Quelque chose clochait dans cette histoire. Elle ne voyait pas la raison pour laquelle on avait éloigné Adhémar. Il avait largement le temps de se rétablir avant la cérémonie dont elle refusait de croire que le Grand Roi n’y déploierait pas le moindre faste.

Elle le dit tel qu’elle le pensait, ce qui fit naître un nouveau soupir :

—    Autant que vous sachiez la vérité. Ce refroidissement est le bienvenu parce que je n’ai aucun moyen de figurer dignement à des noces royales même plus modestes que d’habitude. De même pour la fête de Fromont. Je... je ne me suis pas commandé un costume depuis six grands mois... j’ai des créanciers... et aussi des dettes de jeu ! Lorraine a pensé qu’il serait mieux pour moi de faire...

—    Une retraite à Saint-Germain ? Mais puisqu’il est si fort votre ami, pourquoi ne vous vient-il pas en aide ? On le dit fabuleusement riche...

—    Oh, il l’est, mais il déteste se séparer de quoi que ce soit de son bien.

—    Et Monsieur, dont vous êtes proche et que je sais généreux ?

—    Il l’est notamment pour Lorraine et Effiat. En outre, il estime qu’une bonne épouse se doit de secourir celui dont elle porte le nom.

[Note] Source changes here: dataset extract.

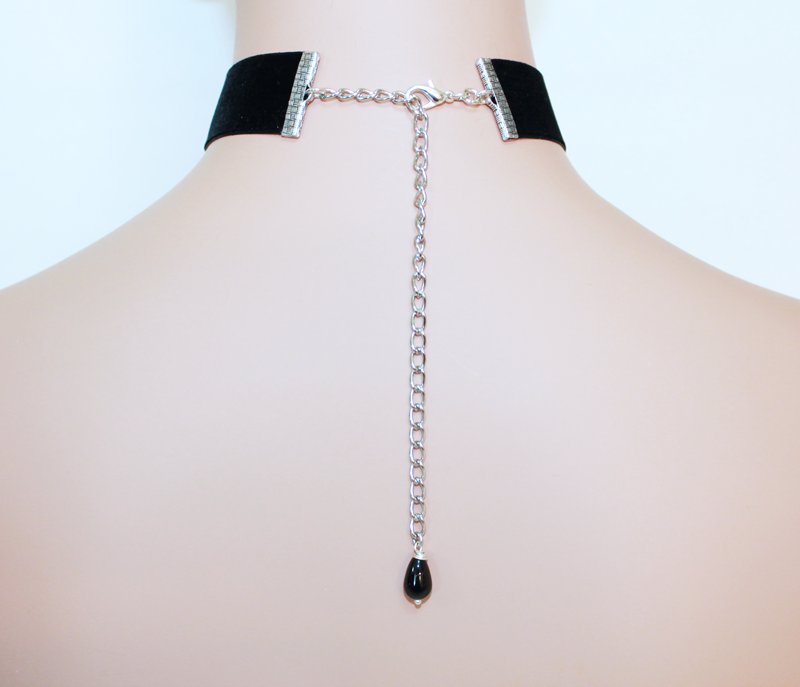 Thumbnail: Victorian Black Velvet Fringe Choker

Cette fois, le mot était lâché et Charlotte avait compris. Cela s’accordait trop avec la confidence de maître Maublanc :

—    Mais enfin, lorsque nous nous sommes mariés il y a... un peu plus d’un an, on ne cessait de me ressasser que j’avais une chance inespérée de porter un beau nom et de jouir d’une grande fortune.

—    Le nom est toujours là, tout de même ! fit Adhémar offusqué. Quant à la fortune... il se trouve que je raffole du jeu...

Et là-dessus il se remit à pleurer !

Charlotte en avait entendu suffisamment. Elle reposa sur le lit la main qu’elle tenait et sortit de la chambre pour aller retrouver sa cousine.

—    Que vous êtes-vous dit pendant tout ce temps ? demanda celle-ci.

—    C’était instructif ! Je l’ai confessé...

—    Ce qui veut dire que vous garderez le silence à ce sujet.

—    Je ne suis pas prêtre. En fait, si je ne veux pas garder Adhémar chez moi jusqu’à la consommation des siècles, il me faut payer ses dettes et lui procurer lus moyens de reparaître dans les entours de Monsieur.

— Et vous allez le faire ?

—    Honnêtement je ne sais pas. Il faudrait d’abord savoir de quelle somme il voudrait disposer.

Mlle Léonie fit la grimace :

—    Si vous voulez accepter un conseil, ne vous engagez pas dans cette voie. S’il obtient cet argent trop facilement, il reviendra à la charge encore et encore jusqu’à ce qu’il vous ait ruinée. Un joueur impénitent est une plaie qui ne guérit jamais!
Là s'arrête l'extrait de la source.